Much has been written and said about two of the continent’s finest emerging players, Christian Atsu – the Ghanaian Messi, and Chelsea’s Nigerian forward Victor Moses. I believe that both of these players can go on to play a massive part in their respective nations’ advance through the tournament. Both offer direct running and lighting pace, and are more than capable of troubling defences. This could be the occasion for the pair to confirm their place among the continent’s most eminent stars.

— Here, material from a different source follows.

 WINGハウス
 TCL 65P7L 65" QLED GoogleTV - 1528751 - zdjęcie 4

Wow – what a field of attackers to choose from, and what a multitude of African attacking talent on display to brighten up the fields of South Africa and strike fear into the heart of the continent’s defenders! Asamoah Gyan and Didier Drogba may be favourites among the bookies to bag the golden boot, but I expect great things from some of Africa’s less heralded frontmen.

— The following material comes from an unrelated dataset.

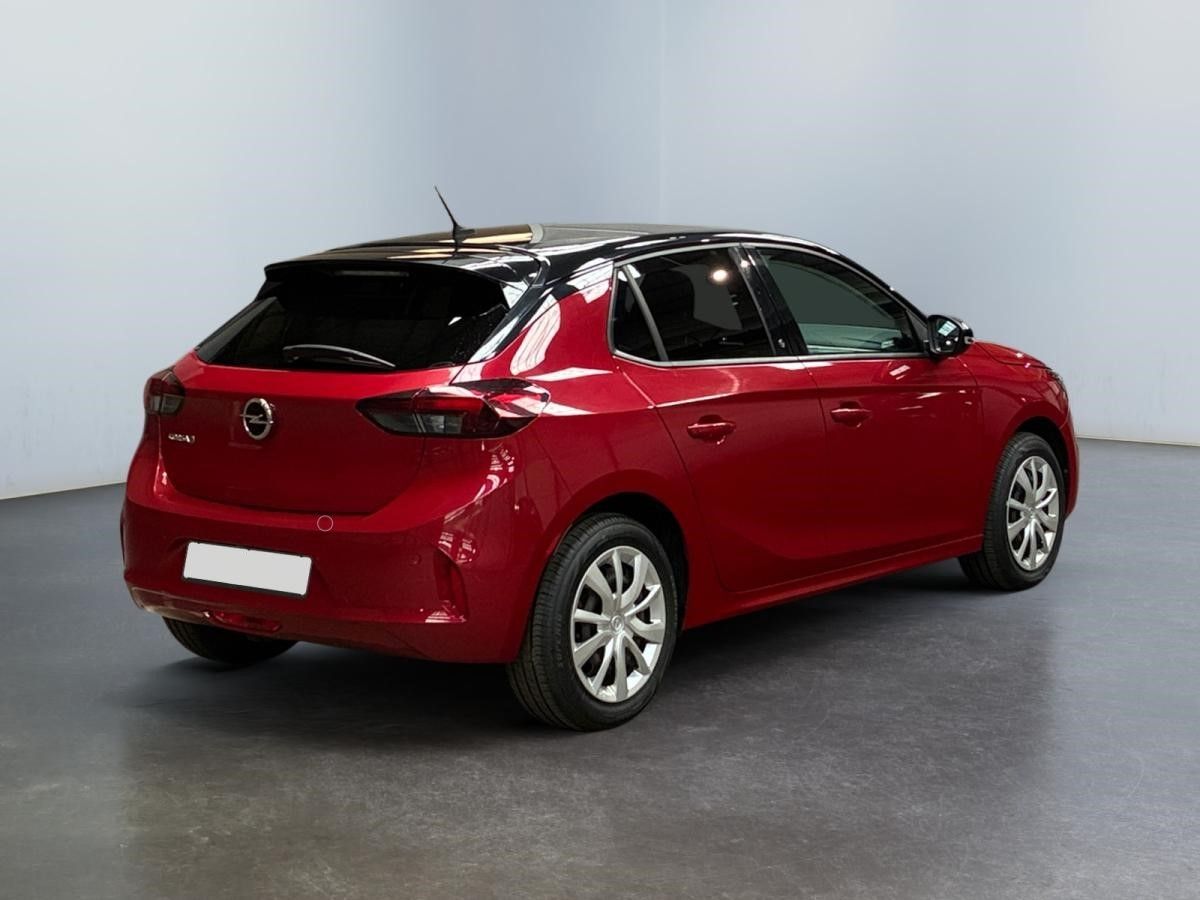opel-corsa-2022-eletrico-0cc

Nigeria's Ikechukwu Uche can, on his day, score against any opposition, and with support from the likes of Ahmed Musa and Moses, could score a hatful against some of the tournament’s weaker defences in Group C. Wilfried Bony – on hot form for club side Vitesse – could help see Cote d’Ivoire’s Golden Generation to the tournament’s latter phases.
I am also excited to see what kind of impact Dieumerci Mbokani can have on the tournament, as well as Malian powerhouse Cheick Diabaté.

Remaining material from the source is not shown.